Most little girls love to play with dolls when they are young and ditch them as they grow older for make-up and mobile phones.
But at the age of 53, Melanie Quint, has no intention of packing away her beloved toy dolls.
The mum-of-two’s obsession with Sindy has only got stronger and she’s now collected more than 200 models of the doll.
Melanie trawls eBay, Facebook marketplace and car boots in search of new figures to add to her growing haul and admits the ‘thrill of the chase’ keeps her passion going.
Melanie, who runs an internet business providing doll hair in hundreds of colours, from Lincoln, Lincolnshire, said: “I’m obsessed with my dolls.
“They make me happy. I know some people might think it’s a childish hobby, but there’s no harm in it.
“I have hundreds of them – they’re taking over the house.
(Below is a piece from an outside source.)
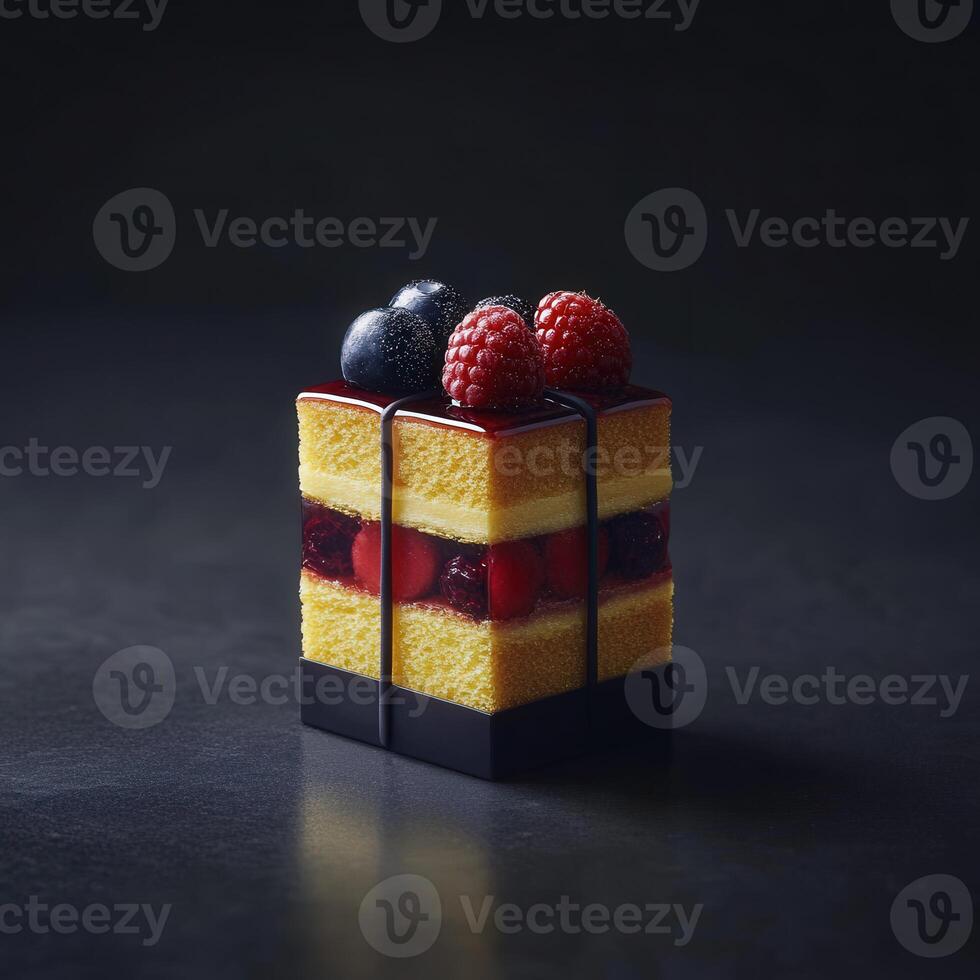 Delicious bento cake with fresh berries and layers photo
Luckily, my husband and kids don’t mind.”
Melanie shared her story with RealFix below…
‘And Melanie, this is for you,’ my mum, Carole, said, handing me a carefully wrapped gift.
It was Christmas Day 1976 and I was eight years old.
I ripped off the shiny paper to reveal a beautiful Sindy doll.
‘I love it, thank you!’ I squealed, hugging it to my chest.
I hadn’t owned a doll before so it was really special.
It was a beautiful doll and I was obsessed with her – I spent everyday brushing her hair and dressing her in different kinds of outfits.
Over the years I gave her lots of makeovers.
I even dyed my Sindy doll’s hair every colour under the sun with food colouring, and cut it into short, punky hairstyles.
But eventually, as all kids do, I grew out of my obsession and Sindy was carefully packed away with all my old things.
A few years later, I was working my dream job in communications and HR, living in my hometown Lincoln, Lincolnshire, and married to my lovely husband, Steve, 52.
Soon we had two sons – Noah, now 15, and Leonardo, now 13. I left my job to be a stay-at-home mum – and I loved every second.
It did mean that I was looking for ways to get a bit of extra money by selling old clothes and bits and bobs – and then one day, I had an idea.
I thought I’d have a quick look to see how much old Sindy dolls go for – I Googled doll restoration and found that it was a huge demand online.
But the thought of selling my old Sindy doll didn’t seem quite right – it was too sentimental – so I started to think about what else I could do with her.
I came across one particular doll online and noticed that it had bright purple hair.
‘That’s odd,’ I thought.
I remembered that Sindy dolls were only sold with natural-looking hair, and so decided to look into it.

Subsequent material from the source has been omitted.